Mortgage Daily

Published On: October 14, 2015

Although most mortgage firms so far have reported a drop in quarter-over-quarter originations, JPMorgan Chase & Co. defied the trend. Mortgage earnings and servicing also increased.

From July 1 through Sept 30, residential loan production reached $29.9 billion, according to the company’s third-quarter earnings report.

Mortgage originations were slightly ahead of the $29.3 billion produced in the second quarter — contrasting the quarter-over-quarter decline reported by the five firms that have so far participated in the Mortgage Daily Third Quarter 2015 Mortgage Origination Survey.

Lending volume was much better than the $21.2 billion originated in the third-quarter 2014. The year-earlier report additionally showed $0.789 billion in home-equity loan production, which Chase no longer reports.

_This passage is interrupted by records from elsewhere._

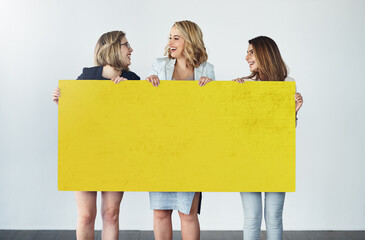 Women, happy or poster mockup in studio for job opportunity, information or business idea. People, laugh or team at board space for product placement, promotion or presentation on white background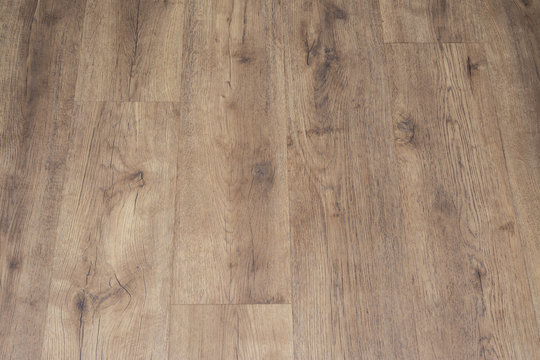 Modern vinyl floor with old wood imitation. Close-up of new beige flooring with texture from tiles with brown grains and knots. Decorative background of wooden boards.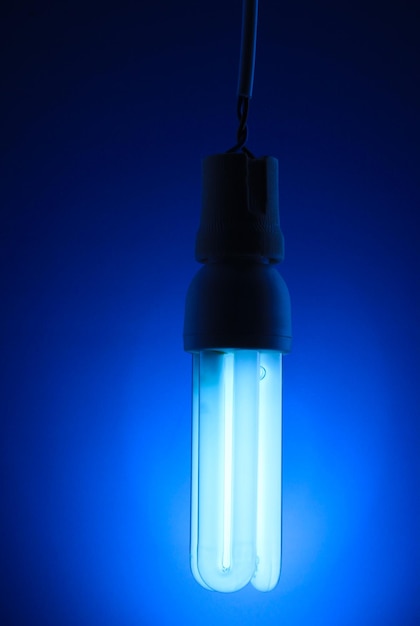 Photo a lit energy saving light bulb on blue background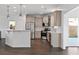 Well-lit kitchen featuring stainless steel appliances, a breakfast bar, and lots of cabinet space at 211 Saxony Loop, Summerville, SC 29486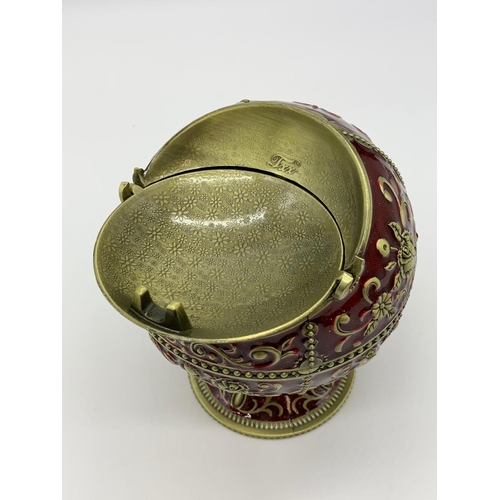 119 - A very ornamental,  global, bronze and dark red enamel, ashtray on a
circular base. Height: 12cm, wi... 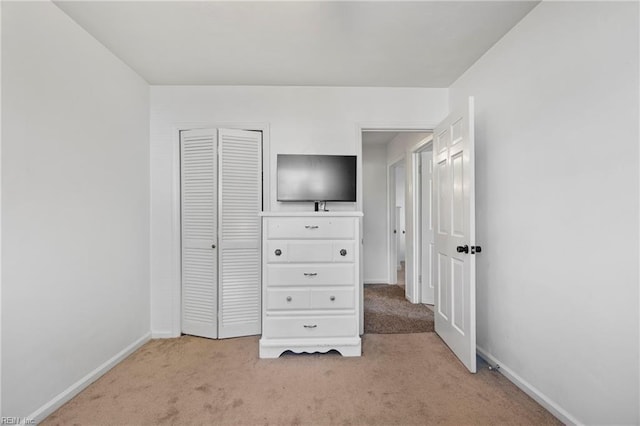 unfurnished bedroom with light colored carpet and a closet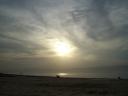 Sun through clouds on beach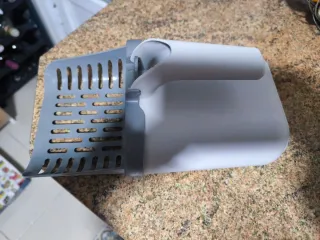 Pala para arenero de gato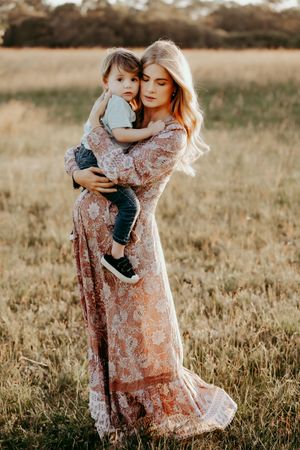 A flowing floral dress embraces two figures in a warm autumn field at sunset.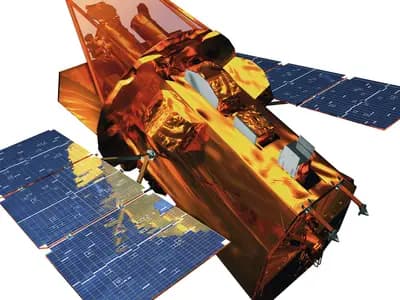 A NASA computer model of the Swift gamma-ray burst observatory showing its gold-wrapped telescope tube and blue solar panels against a white background, an illustration of the spacecraft and not a photograph taken in orbit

The latest production total included $9.5 billion in retail originations, down from the prior period’s $9.8 billion. Most of Chase’s lending volume came from correspondent acquisitions totaling $20.4 billion, up from $19.5 billion listed in the second quarter.

Altogether, the New York-based firm’s nine-month mortgage production total came to $83.9 billion.

As of Sept. 30, the lender’s total mortgage servicing portfolio increased to $929.0 billion from $917.0 billion as of June 30 but shrank from the $963.4 billion serviced as of the same point in 2014.

The latest servicing portfolio included $702.6 billion in loans serviced for third parties.

For the recently completed quarter, Chase showed $214.579 billion in owned, total-period-end residential loans. Assets on the balance sheet grew from $203.130 billion tallied at the end of the second quarter and $181.543 billion figured last year at the end of the third quarter.

At the end of September, residential investments included $60.849 billion in HELs, $7.182 billion in subprime mortgages and $146.131 billion in prime loans including adjustable-rate mortgage options. The remaining $0.417 billion in loans was classified as “other.”

Excluding purchased credit-impaired loans, Chase’s mortgage investment portfolio had a 30-day delinquency rate of 1.74 percent. This rate improved from 1.95 percent reported as of June 30 and a downwardly revised 2.76 percent listed as of Sept. 30, 2014.

The 30-day or more PCI loan delinquency rate of 11.29 percent fared better than the 11.65 percent as of the end of June and 13.69 percent as of the end of September last year.

The lender’s mortgage banking income before taxes inched ahead to $0.971 billion from $0.942 billion brought in during the second quarter. The most-recent income was much better compared to third-quarter 2014 earnings of $0.767 billion.

At the holding-company level, Chase’s earnings before income tax expenses fell $1.6 billion from the second quarter to $6.7 billion. The bank earned $1.2 billion less in the most-recent period than in the third-quarter 2014.

Chase ended September with 235,678 company-wide employees — 1,781 fewer than reported as of June 30 and 6,710 less than counted as of Sept. 30 last year.


Branch count fell to 5,471 from 5,504 reported as of June 30, 2015.